Lexical Analysis

1. Lexical Analysis

1.1. Overview
1.2. Concepts Lexi Expresses

1.1. Overview

Lexical analysis is the process of categorising an input stream into tokens. Each of these categories (called lexemes) are determined by the spelling of the contents of that token. For convenience of discussion, this guide assumes that tokens are formed of characters, although this is not necessarily the case.

Categories of tokens are arranged such that spellings the possible sets of spellings forming each category are unambiguous. For example, commonly floating point literals are distinguishable from integer literals because they must contain a decimal point. If two different concepts must be expressed using the same (or overlapping) sets of spellings, a further stage after lexical analysis would be required to distinguish them. For example, commonly an identifier may represent either a variable or a function name, and it is the role of a parser to distinguish between them based on the ordering of the tokens.

Usually it is the responsibility of the lexical analyser to skip whitespace (and often also comments). illustrates an example of tokenisation:

Figure 1. Forming a Token Stream

In this example, the lexer skips over whitespace characters (indicated in the input text with a shaded background) and categorises the remaining characters according to their spelling. For example, a series of digits is categorised into the <literal> type. Notice that whitespace is optional; there happens to be none between the 53 and ; tokens.

The spelling of the characters which form each token is passed on, but usually ignored for punctual tokens such as statement separators and assignment operators. It is more relevant for the spelling to be known for identifiers, literals and other non-punctual tokens.

The traditional use for a lexer is to feed this stream of categorised tokens to a parser; lexers are unaware of the order of tokens, since they are concerned with categorisation only. The process of parsing then asserts that these tokens are in an order permitted by the given grammar. Usually storing the spellings associated with each tokens is a side-effect of the parse, resulting in a symbol table or equivalent (this depends on the purpose of the parser). Parsing is beyond the scope of this document, and will not be discussed here - see the SID Users' Guide for details.
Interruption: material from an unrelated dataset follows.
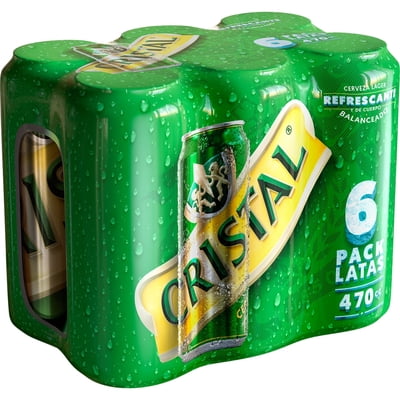 Cerveza Lata Lager 6 Latas 473 Ml C/U Cristal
For simple uses, a parser may not be required at all.

1.2. Concepts Lexi Expresses

Keyword Definitions

Keywords are sequences of inseparable characters treated whole, indented to be passed back to the calling program as single tokens. These differ from most tokens in that their spellings are fixed, rather than a set of possible spellings.

Lexi itself does not perform processing of keywords; instead it outputs their definitions separately (see the -k) and these definitions are intended to be checked by a token calling a function.

Pre-pass Mappings

For mappings of sequences of characters to a single character, pre-pass substitutions offer a mechanism to implement effects similar to trigraphs in C.

Whitespace Definitions

Whitespace serves both to separate tokens who's concatenated spellings would be ambiguous (e.g. to distinguish abc and xyz from abcxyz), and primarily to improve readability of the source. Whitespace is not passed on in the generated token stream.

Group definitions

Group definitions define sets of characters which may be specified in place of a single character in tokens. The presence of a character in a group may also be tested via the generated API, much like C's ctype.h functions.

Token definitions

Token definitions specify the set of spellings which form a lexeme. These are central to lexical analysis.

Default definitions

Default definitions specify which action should we performed upon encountering a non recognized token.

Zone definitions

Zone definitions specify zones in which the lexical analysis is subject to different rules. Zones definition may contain token definitions, default definition, group definitions and whitespace definitions.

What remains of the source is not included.